Protesters cited this controversial adoption as a reason for the law to be revoked. They alleged that it was a sign of Bukele’s control over all government branches. Other protesters pointed to the age-old argument that Bitcoin, and cryptocurrencies in general, could be used for money laundering and scams.
“It is a law that generates legal insecurity and that could be used to defraud users and also facilitate money and asset laundering,” said activist Idalia Zuñiga.
Another protester cited Bitcoin’s volatility as a major concern. Referring to the popular cryptocurrency’s nosedive of about 50 per cent from an all-time high of over $65,000, she said,
For those earning a minimum wage, in one moment you may have $300 in Bitcoin and the next day those $300 can turn into $50.
These concerns are reflective of the results of a Disruptiva poll conducted on 1,233 Salvadorans. 54 per cent of respondents thought the law was “not at all correct” while 24 per cent responded that it was “only a little correct”. 65 per cent responded that they would not be willing to accept payment in Bitcoin. At the end of the survey, it was determined that only 20 per cent of respondents agreed with the law and a glaring 46 per cent revealed that they knew “nothing” about Bitcoin.

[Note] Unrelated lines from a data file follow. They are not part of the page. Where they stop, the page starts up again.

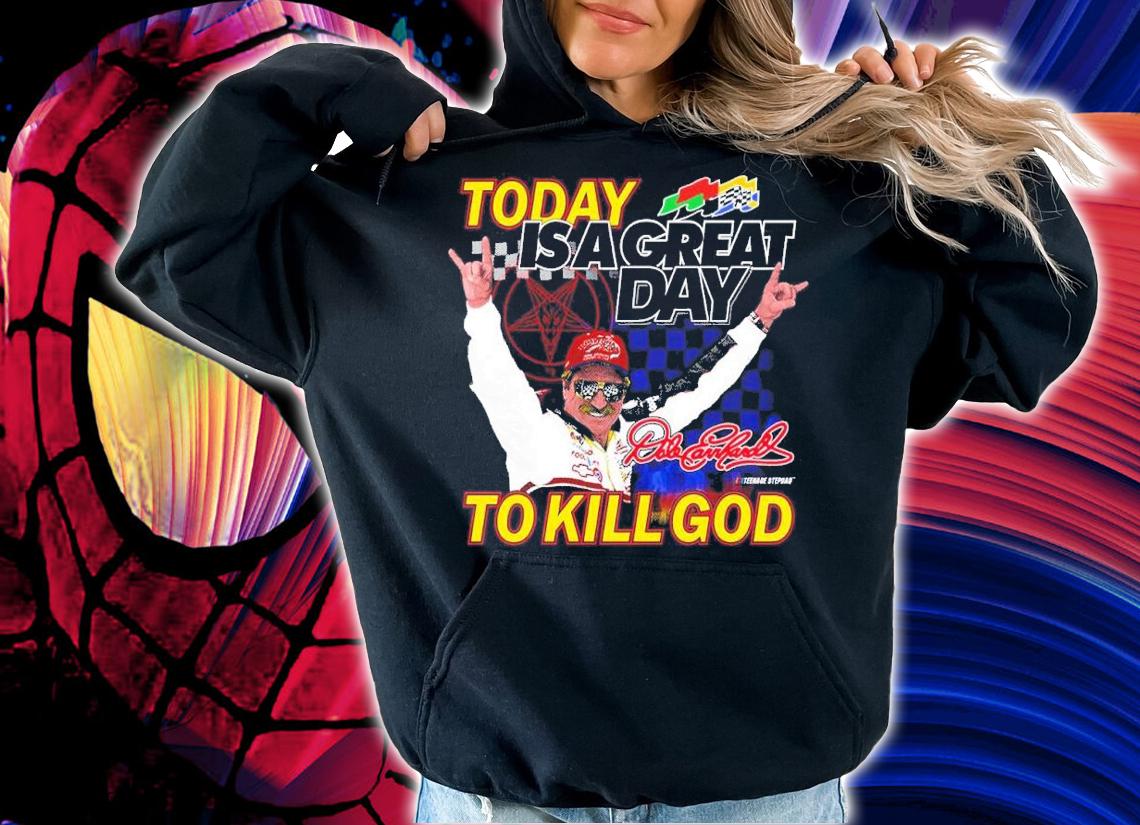 Today Is A Great Day To Kill God shirt t-shirt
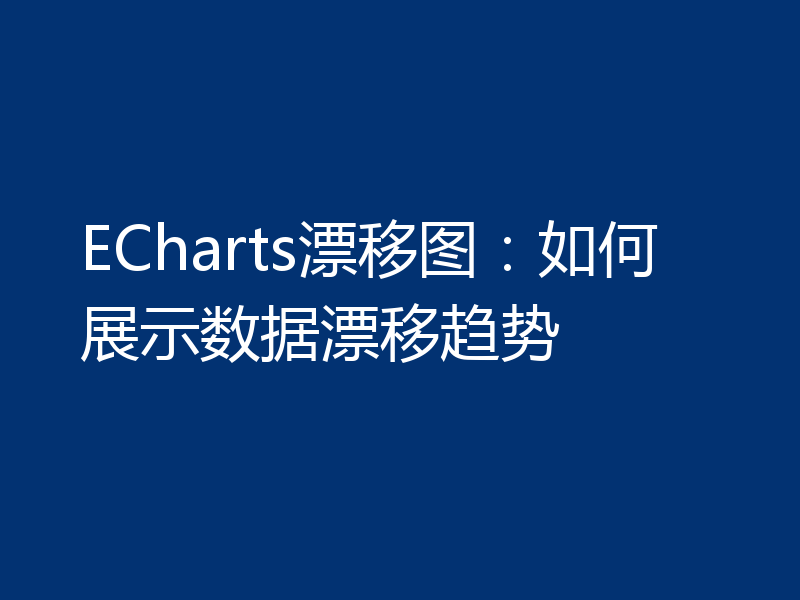 ECharts漂移图：如何展示数据漂移趋势
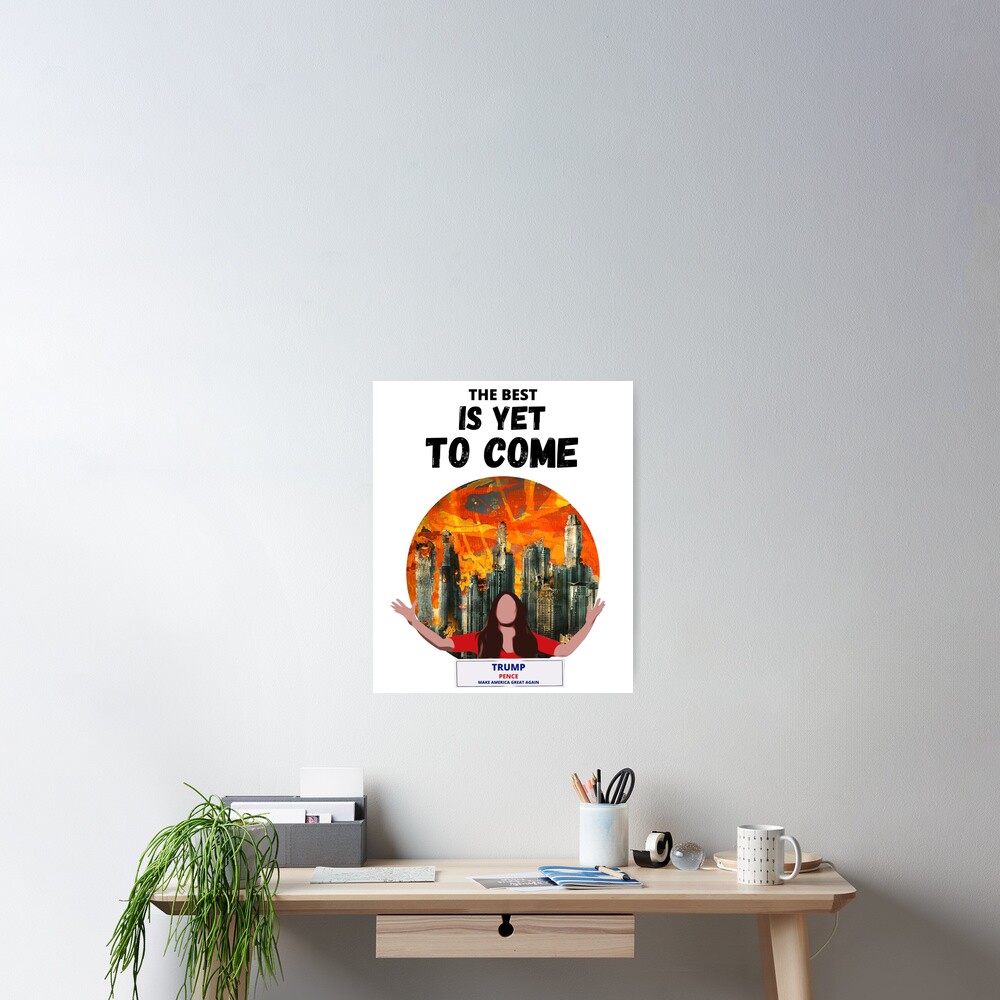 "The Best Is Yet To Come, Kimberly Guilfoyle, RNC 2020" Poster for Sale by sherwinc Redbubble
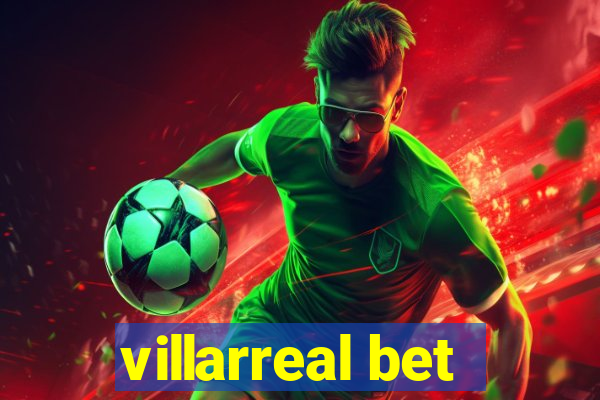 villarreal bet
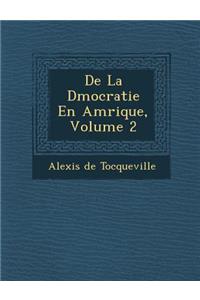 De La D�mocratie En Am�rique, Volume 2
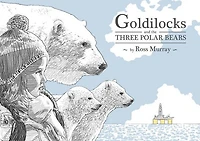 Goldilocks and the Three Polar Bears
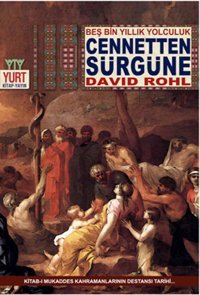 Cennetten Sürgüne David Rohl Yurt Kitap Yayın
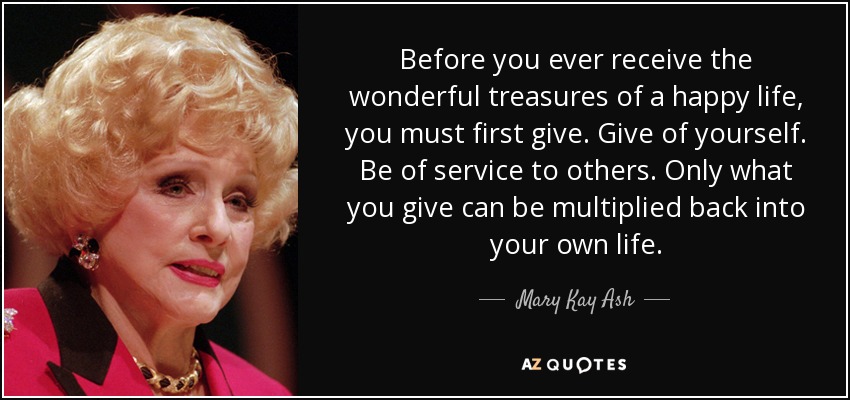 Before you ever receive the wonderful treasures of a happy life, you must first give. Give of yourself. Be of service to others. Only what you give can be multiplied back into your own life. - Mary Kay Ash
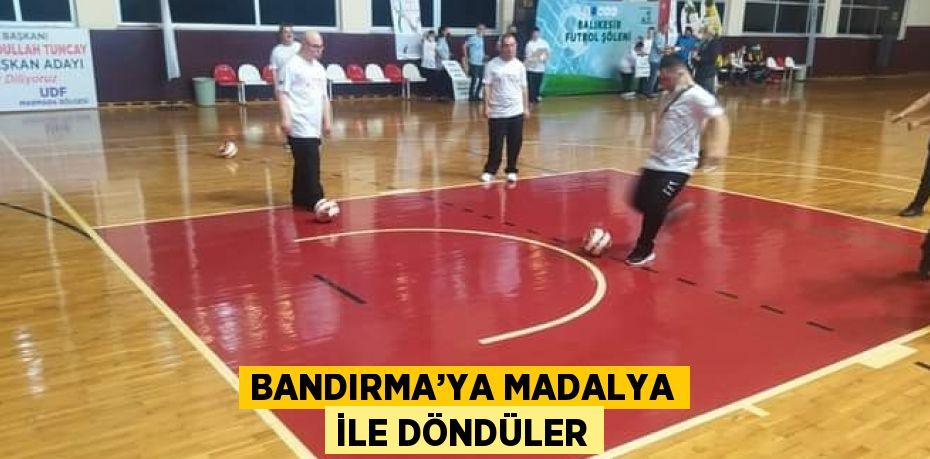 BANDIRMA’YA MADALYA İLE DÖNDÜLER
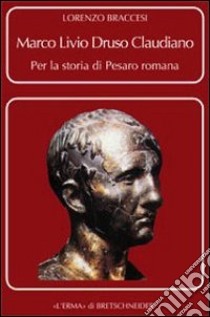 Marco Livio Druso Claudiano. Per la storia di Pesaro romana libro di Braccesi L.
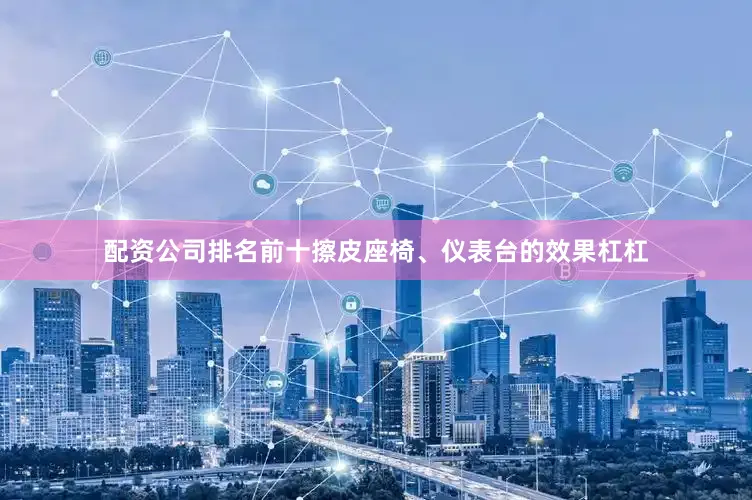 配资公司排名前十擦皮座椅、仪表台的效果杠杠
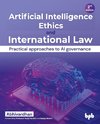 Artificial Intelligence Ethics and International Law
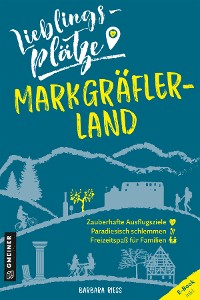 Обложка книги «Lieblingsplätze Markgräflerland»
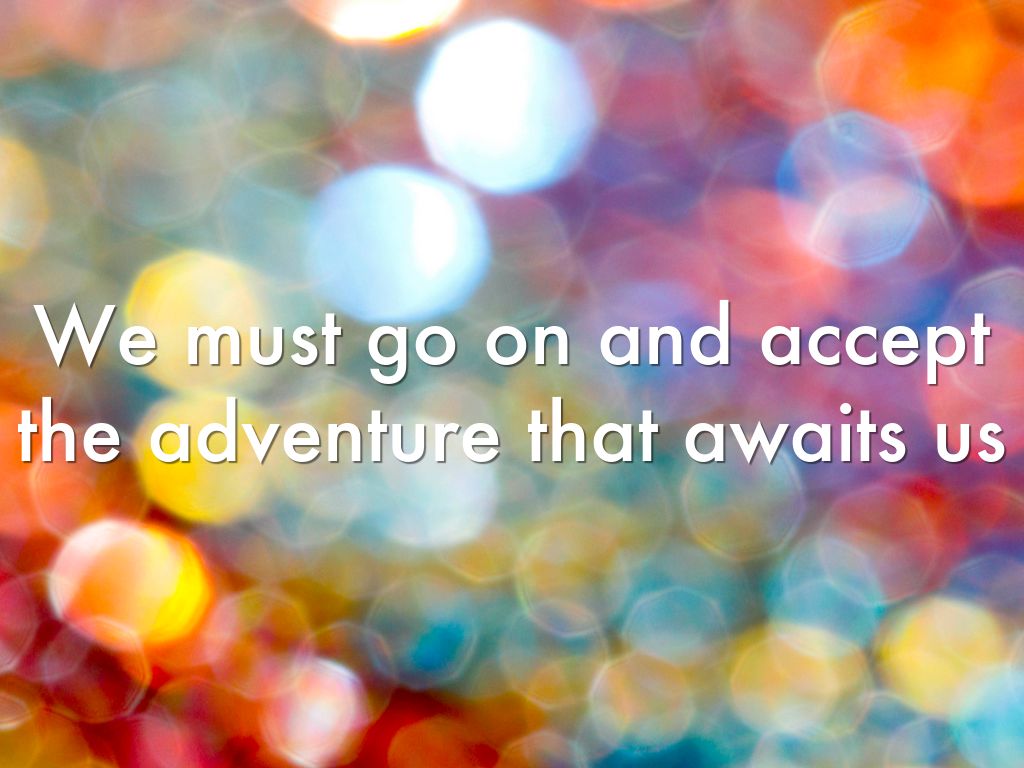 We must go on and accept the adventure that awaits us
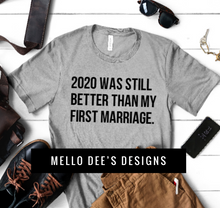 Load image into Gallery viewer, 2020 was better than my first marriage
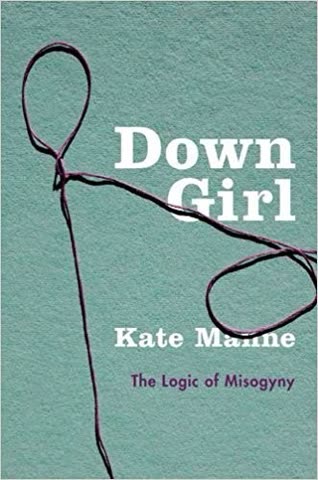 Cover of Down Girl: The Logic of Misogyny by Kate Manne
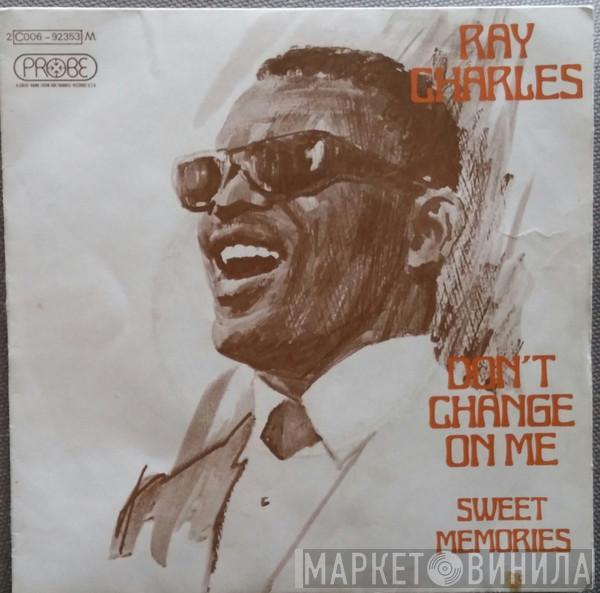  Ray Charles  - Don't Change On Me / Sweet Memories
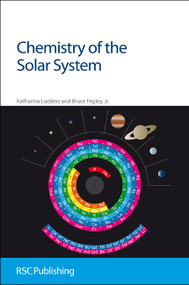 Chemistry of the Solar System by Katharina Lodders, Bruce Fegley, Jr, 9780854041282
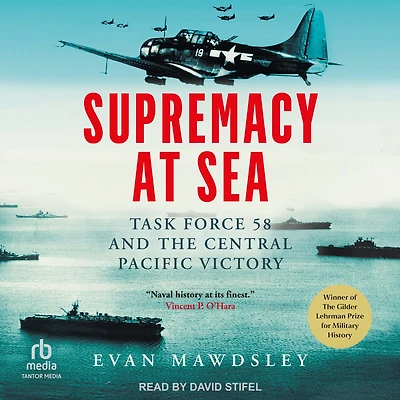 Supremacy at Sea: Task Force 58 and the Central Pacific Victory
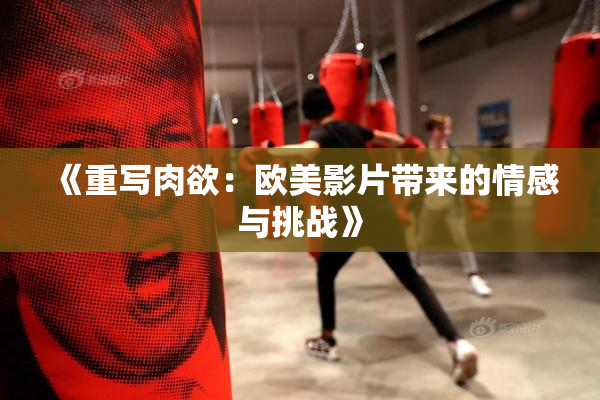 《重写肉欲：欧美影片带来的情感与挑战》
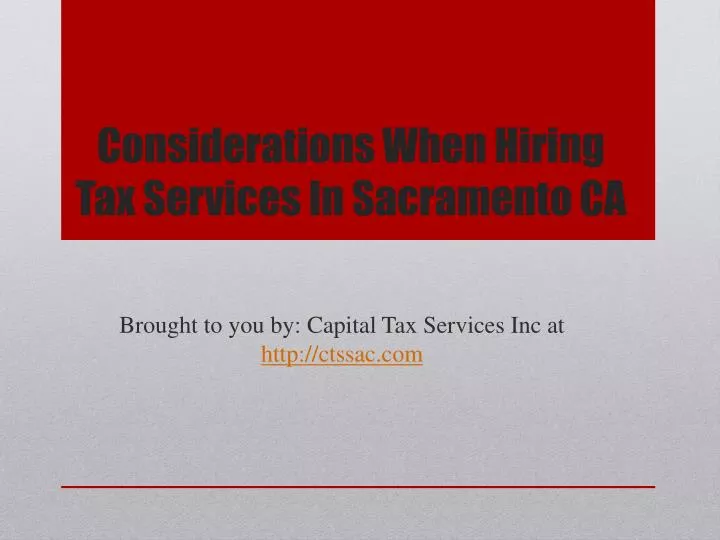 considerations when hiring tax services in sacramento ca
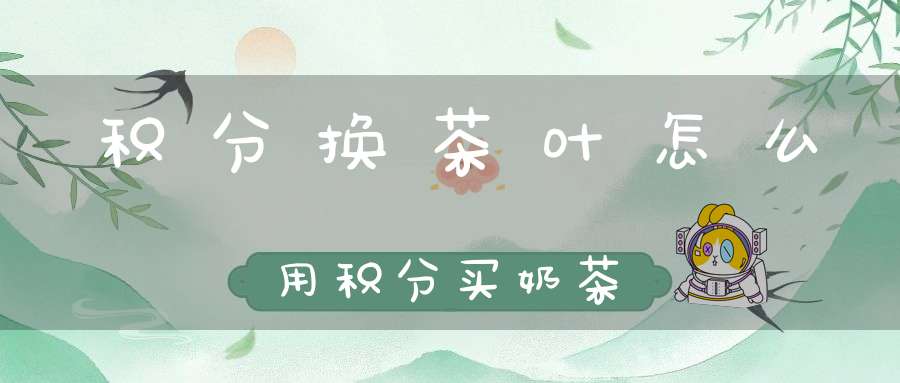 积分换茶叶怎么用积分买奶茶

Concerns about the motivations and possible implications of the law led an opposition leader and a group of private citizens to sue the Salvadoran government. They alleged that the law was unconstitutional and lacked ‘legality and foundation’ and did not take into consideration the possible implications the law could have on the nation.
The International Monetary Fund (IMF) and a JPMorgan team have also expressed concern.
IMF spokesperson Gerry Rice in June commented,
Adoption of Bitcoin as legal tender raises a number of macroeconomic, financial and legal issues that require very careful analysis so we are following developments closely and will continue our consultation with authorities. Crypto assets can pose significant risks and effective regulatory measures are very important when dealing with them.